Directions
Only the lines below starting at the one containing "Night Old Medieval" and ending at the one containing "WEIF-Col bling Braiding" belong in the answer, each copied exactly.

[Collected data]
=== Section Start ===

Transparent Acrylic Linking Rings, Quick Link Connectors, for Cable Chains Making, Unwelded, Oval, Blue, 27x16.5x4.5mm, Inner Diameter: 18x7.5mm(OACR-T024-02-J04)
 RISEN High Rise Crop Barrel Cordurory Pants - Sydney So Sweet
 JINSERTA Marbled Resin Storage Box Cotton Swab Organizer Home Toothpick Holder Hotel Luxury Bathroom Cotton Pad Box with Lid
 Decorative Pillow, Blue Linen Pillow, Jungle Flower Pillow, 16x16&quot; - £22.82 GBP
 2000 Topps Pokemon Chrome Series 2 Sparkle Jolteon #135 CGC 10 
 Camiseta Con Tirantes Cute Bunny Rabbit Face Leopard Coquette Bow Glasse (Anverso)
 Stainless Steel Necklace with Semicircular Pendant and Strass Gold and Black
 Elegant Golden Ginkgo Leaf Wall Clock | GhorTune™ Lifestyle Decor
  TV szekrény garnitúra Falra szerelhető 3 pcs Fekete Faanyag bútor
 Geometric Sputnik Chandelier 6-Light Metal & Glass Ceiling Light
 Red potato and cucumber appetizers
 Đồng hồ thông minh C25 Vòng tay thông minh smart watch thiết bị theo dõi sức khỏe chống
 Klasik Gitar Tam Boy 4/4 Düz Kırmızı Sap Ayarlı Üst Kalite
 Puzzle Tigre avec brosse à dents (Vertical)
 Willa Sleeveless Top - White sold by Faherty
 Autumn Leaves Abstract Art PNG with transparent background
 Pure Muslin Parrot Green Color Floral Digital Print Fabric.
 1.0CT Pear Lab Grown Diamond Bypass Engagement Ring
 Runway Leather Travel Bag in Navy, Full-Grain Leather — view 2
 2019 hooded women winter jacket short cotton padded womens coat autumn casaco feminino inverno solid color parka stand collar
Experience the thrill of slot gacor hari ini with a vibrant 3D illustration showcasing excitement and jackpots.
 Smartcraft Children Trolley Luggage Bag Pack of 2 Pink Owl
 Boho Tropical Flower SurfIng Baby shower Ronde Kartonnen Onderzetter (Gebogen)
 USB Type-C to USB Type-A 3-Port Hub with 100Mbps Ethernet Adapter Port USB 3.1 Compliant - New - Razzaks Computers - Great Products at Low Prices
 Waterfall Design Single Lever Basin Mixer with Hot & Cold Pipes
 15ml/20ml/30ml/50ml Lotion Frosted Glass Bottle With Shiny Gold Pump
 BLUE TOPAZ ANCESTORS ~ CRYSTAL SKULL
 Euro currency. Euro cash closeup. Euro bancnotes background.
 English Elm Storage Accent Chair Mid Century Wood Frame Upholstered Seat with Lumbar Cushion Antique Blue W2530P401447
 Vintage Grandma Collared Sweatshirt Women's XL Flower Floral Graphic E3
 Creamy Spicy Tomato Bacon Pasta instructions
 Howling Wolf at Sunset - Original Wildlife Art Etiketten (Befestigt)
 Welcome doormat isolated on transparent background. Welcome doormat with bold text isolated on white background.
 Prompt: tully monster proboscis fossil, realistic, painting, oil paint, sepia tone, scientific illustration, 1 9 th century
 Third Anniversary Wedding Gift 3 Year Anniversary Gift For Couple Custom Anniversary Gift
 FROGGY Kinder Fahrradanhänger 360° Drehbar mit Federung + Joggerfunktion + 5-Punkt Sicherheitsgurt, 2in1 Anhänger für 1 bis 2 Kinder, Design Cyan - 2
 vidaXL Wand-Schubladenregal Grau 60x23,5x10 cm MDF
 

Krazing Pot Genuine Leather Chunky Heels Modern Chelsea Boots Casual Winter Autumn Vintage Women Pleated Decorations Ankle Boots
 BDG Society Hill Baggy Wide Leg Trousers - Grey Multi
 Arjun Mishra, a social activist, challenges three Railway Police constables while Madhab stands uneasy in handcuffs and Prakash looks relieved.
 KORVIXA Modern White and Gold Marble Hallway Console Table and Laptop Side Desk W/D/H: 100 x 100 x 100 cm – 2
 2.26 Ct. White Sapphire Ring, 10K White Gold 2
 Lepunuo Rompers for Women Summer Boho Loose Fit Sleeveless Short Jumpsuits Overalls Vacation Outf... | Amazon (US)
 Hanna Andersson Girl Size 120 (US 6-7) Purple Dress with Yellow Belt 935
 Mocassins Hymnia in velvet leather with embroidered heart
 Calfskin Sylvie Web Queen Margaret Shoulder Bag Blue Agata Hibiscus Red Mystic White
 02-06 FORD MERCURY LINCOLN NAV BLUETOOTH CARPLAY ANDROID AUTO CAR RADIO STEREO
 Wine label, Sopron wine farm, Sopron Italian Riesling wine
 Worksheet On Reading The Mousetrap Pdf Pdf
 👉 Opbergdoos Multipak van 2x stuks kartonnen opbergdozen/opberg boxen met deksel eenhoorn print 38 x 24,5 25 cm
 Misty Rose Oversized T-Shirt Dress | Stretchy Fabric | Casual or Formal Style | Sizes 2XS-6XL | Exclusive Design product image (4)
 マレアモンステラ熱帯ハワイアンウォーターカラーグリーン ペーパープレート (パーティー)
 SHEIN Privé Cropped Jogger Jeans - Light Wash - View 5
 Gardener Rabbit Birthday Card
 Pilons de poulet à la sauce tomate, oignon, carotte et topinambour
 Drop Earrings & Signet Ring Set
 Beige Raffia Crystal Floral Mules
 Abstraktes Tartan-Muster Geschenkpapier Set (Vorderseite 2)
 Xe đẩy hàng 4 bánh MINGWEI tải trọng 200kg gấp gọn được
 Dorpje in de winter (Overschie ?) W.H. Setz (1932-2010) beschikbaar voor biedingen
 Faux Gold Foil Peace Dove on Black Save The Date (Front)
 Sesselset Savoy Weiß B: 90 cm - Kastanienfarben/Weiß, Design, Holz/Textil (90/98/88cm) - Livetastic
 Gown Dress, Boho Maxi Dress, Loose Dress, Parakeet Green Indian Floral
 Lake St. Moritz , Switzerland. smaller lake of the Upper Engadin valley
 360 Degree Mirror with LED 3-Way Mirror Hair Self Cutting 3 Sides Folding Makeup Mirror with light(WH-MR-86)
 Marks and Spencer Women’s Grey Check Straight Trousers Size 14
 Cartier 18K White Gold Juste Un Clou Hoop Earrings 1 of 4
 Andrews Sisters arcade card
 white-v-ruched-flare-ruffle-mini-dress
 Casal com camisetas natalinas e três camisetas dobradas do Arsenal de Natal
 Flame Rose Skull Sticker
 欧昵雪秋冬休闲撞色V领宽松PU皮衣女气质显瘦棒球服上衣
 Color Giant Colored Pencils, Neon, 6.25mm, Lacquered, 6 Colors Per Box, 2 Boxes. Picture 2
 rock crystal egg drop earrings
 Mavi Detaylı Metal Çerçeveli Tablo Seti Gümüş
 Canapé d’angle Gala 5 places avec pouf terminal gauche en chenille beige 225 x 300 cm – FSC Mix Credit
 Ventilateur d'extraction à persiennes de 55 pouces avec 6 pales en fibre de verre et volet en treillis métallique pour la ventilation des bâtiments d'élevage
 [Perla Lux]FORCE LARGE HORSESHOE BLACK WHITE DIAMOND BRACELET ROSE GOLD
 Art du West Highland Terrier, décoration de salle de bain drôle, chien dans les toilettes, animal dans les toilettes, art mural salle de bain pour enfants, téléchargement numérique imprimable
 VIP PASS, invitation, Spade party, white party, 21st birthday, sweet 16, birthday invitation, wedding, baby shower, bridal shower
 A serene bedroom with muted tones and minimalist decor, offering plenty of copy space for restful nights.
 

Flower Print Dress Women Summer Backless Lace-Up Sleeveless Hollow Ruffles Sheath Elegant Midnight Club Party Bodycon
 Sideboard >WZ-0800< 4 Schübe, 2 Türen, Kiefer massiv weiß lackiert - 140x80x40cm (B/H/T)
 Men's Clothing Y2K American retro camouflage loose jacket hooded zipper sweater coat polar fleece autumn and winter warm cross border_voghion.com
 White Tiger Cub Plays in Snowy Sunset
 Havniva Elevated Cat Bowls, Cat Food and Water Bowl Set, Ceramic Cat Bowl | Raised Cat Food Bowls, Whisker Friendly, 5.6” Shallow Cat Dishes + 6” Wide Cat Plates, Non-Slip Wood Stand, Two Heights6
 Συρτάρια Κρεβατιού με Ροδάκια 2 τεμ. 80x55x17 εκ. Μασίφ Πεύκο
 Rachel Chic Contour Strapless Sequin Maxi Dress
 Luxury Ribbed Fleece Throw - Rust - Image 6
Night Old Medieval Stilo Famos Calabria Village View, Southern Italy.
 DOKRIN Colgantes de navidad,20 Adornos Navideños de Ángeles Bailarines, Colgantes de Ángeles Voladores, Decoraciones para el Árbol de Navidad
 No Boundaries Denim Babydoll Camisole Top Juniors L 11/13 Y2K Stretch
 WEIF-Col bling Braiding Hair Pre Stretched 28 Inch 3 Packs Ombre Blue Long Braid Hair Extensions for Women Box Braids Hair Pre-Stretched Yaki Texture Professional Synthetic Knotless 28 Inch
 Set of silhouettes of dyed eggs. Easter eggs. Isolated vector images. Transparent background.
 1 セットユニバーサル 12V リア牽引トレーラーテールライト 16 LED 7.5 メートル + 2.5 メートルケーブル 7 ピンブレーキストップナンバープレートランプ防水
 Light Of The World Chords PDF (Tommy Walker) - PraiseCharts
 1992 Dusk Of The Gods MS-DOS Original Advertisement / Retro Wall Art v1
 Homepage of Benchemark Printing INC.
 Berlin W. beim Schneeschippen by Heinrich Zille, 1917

=== Section End ===

Problem solution
Night Old Medieval Stilo Famos Calabria Village View, Southern Italy.
 DOKRIN Colgantes de navidad,20 Adornos Navideños de Ángeles Bailarines, Colgantes de Ángeles Voladores, Decoraciones para el Árbol de Navidad
 No Boundaries Denim Babydoll Camisole Top Juniors L 11/13 Y2K Stretch
 WEIF-Col bling Braiding Hair Pre Stretched 28 Inch 3 Packs Ombre Blue Long Braid Hair Extensions for Women Box Braids Hair Pre-Stretched Yaki Texture Professional Synthetic Knotless 28 Inch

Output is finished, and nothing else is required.